Panama, also known as ‘The Crossroads of the Americas’, is a wonderfully diverse country for any traveller to visit, with a vast range of natural and cultural landmarks to explore and discover.
Water sports lovers and nature enthusiasts are particularly drawn to the area, thanks to the wide range of coastal towns and villages to visit. Meanwhile, bird spotters will love looking out for some of the 900 species of birds residing in the country, alongside some of the indigenous tribes which are still thriving today.
What are the roads like in Panama?
Compared to the majority of roads sound in South America, the roads in Panama are in excellent condition across the vast majority of the country, including those found in the more mountainous regions.
What are the drivers in Panama like?
While the driving in some of the quieter regions can be described as reasonably stress-free, driving in Panama City can be a more difficult experience. Local drivers can often be erratic, meaning those looking to travel by car through the city must have a defensive and confident driving style.
What are the best times to drive?
Outside of the cities, there is little traffic to hinder any journey, so tourists should be free to travel at any time. In the cities, particularly Panama City, rush hour traffic can often cause the roads to come to a standstill for several hours, meaning driving early in the morning and late in the afternoon should be avoided.
What are the driving laws?
Many of the driving laws are very similar to those found in the United States, with traffic signals, signs and road markings identical to those found in their neighbouring country.

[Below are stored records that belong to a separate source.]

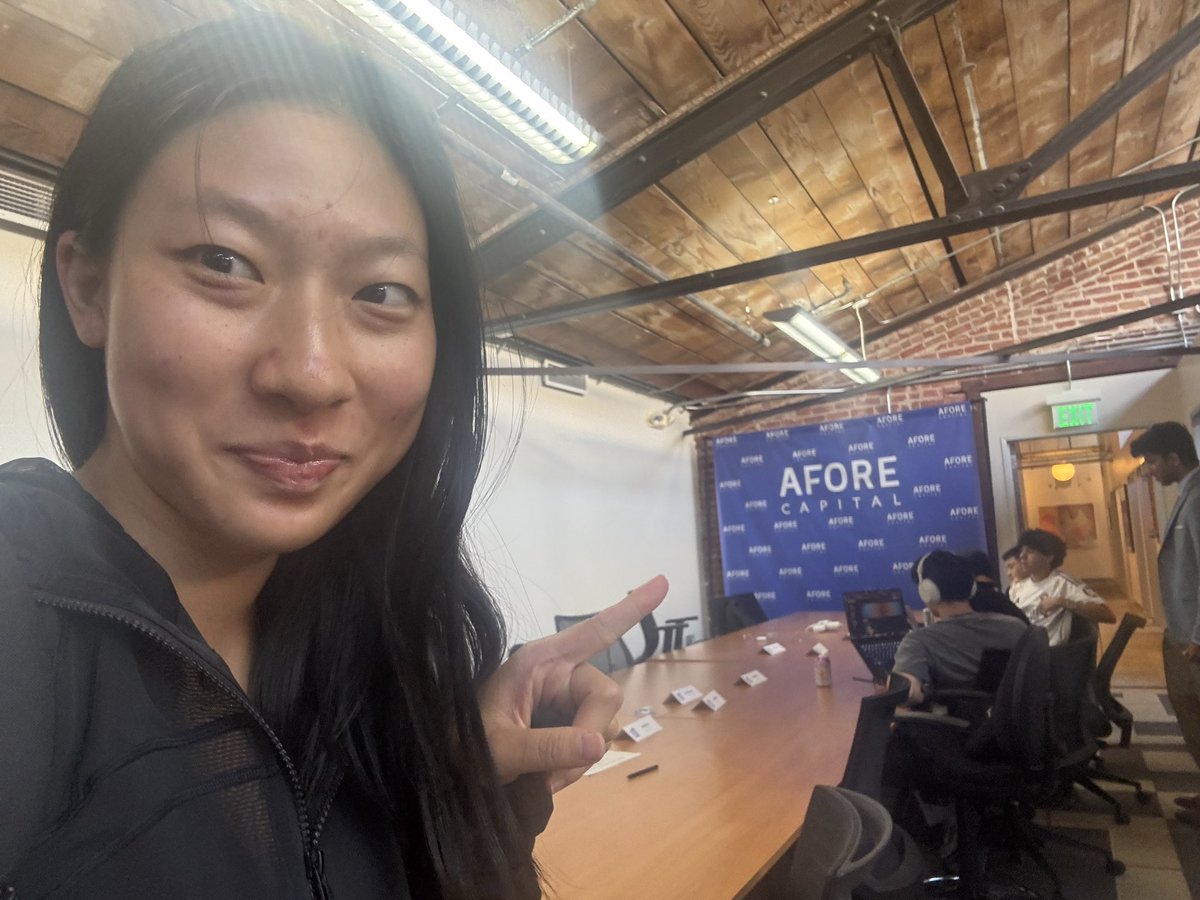 A selfie-style photo of an Asian woman with long dark hair, wearing a black zip-up hoodie, pointing directly at the camera with her right index finger while smiling slightly; she is seated or positioned near a wooden conference table in a modern industrial office with exposed brick walls, wooden beam ceiling, fluorescent lighting, and several people (including men in casual attire with headphones) sitting around the table using laptops and papers; a large blue banner with 'AFORE CAPITAL' logo dominates the background, along with name tags and coffee cups on the table.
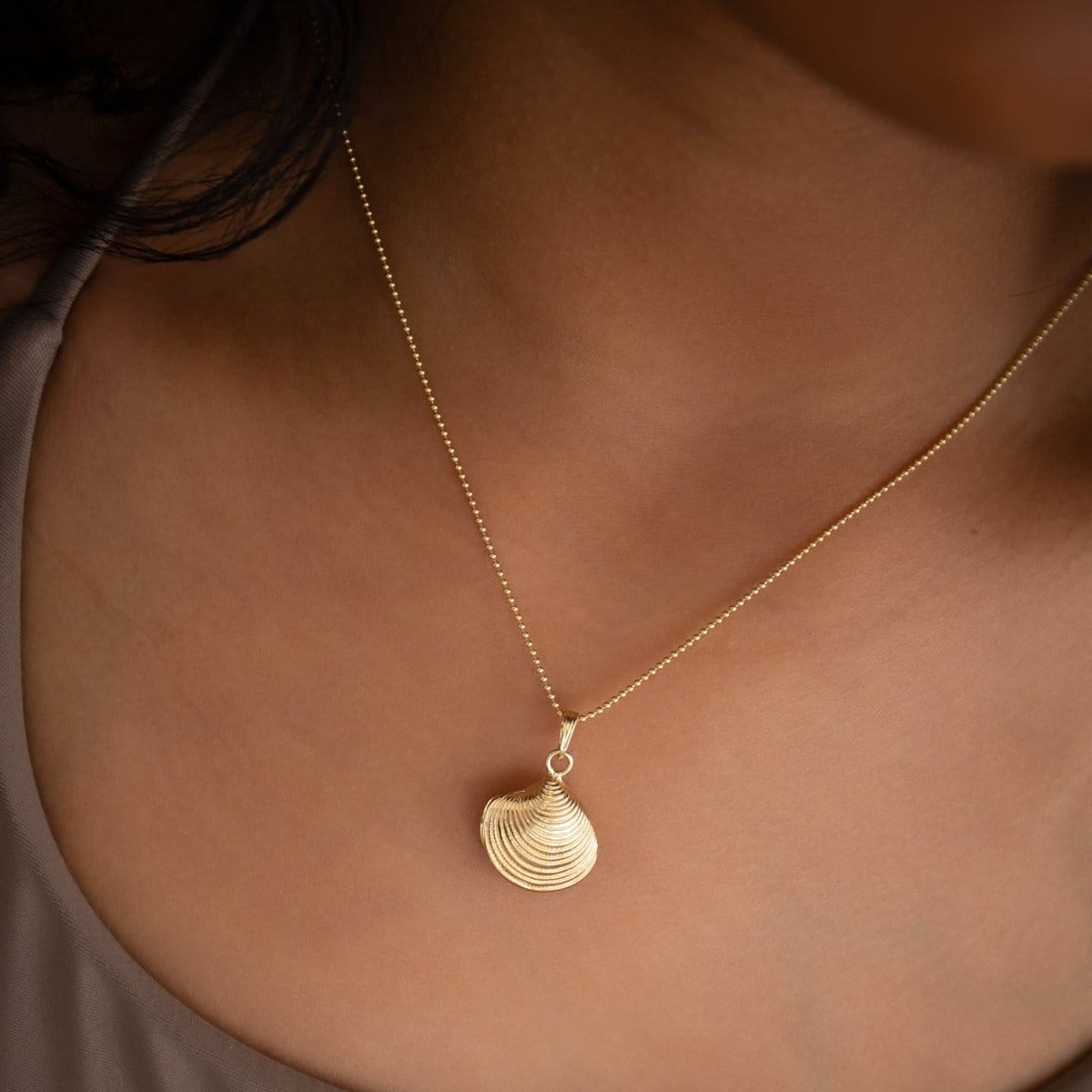 Close-up of a neck wearing a Classic Bead Chain with a Golden Coast Shell. 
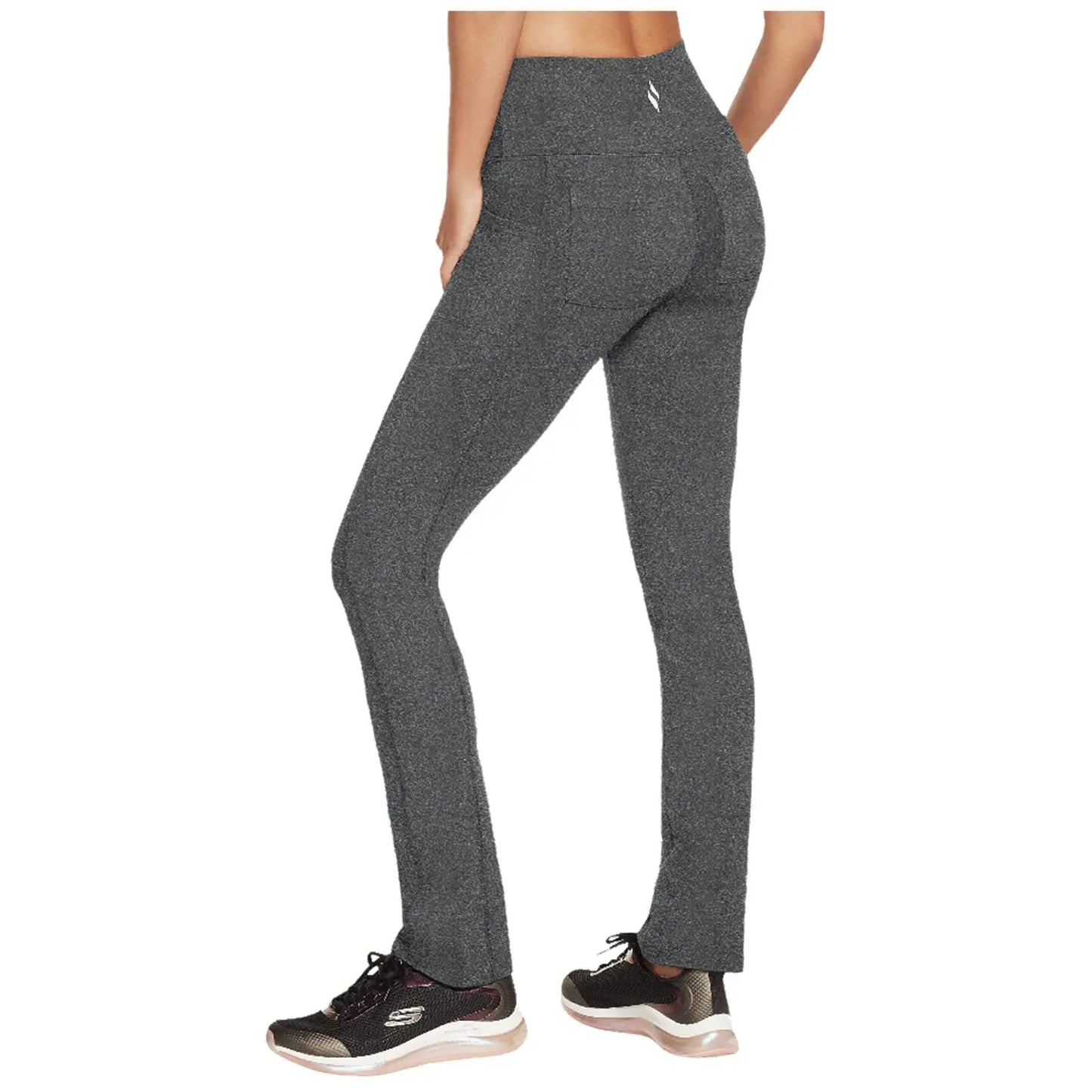 Leggings are being worn by a person facing away showcasing a high waistband and slim fit silhouette the setting suggests an active lifestyle with running shoes indicated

The most firmly employed laws in this particular country come from the need for the driver and all passenger to wear a seatbelt at all times when in the vehicle.
As driving in Panama City can be a daunting experience, locals recommend driving through the city for the first time on a Sunday afternoon when there is generally very little traffic, in order to understand the roads and driving destinations without the pressure of traffic.
Car horns are used on a regular basis by most drivers in the cities and not just for warning of danger. They may be used by drivers attempting to cross lanes, as well as taxi drivers calling to pedestrians to signal their cab is free.
Taxi drivers have the right to stop at any time, on any part of the road, which can lead to collisions. It is the law in Panama that those who have hit the back of another car are responsible for the crash.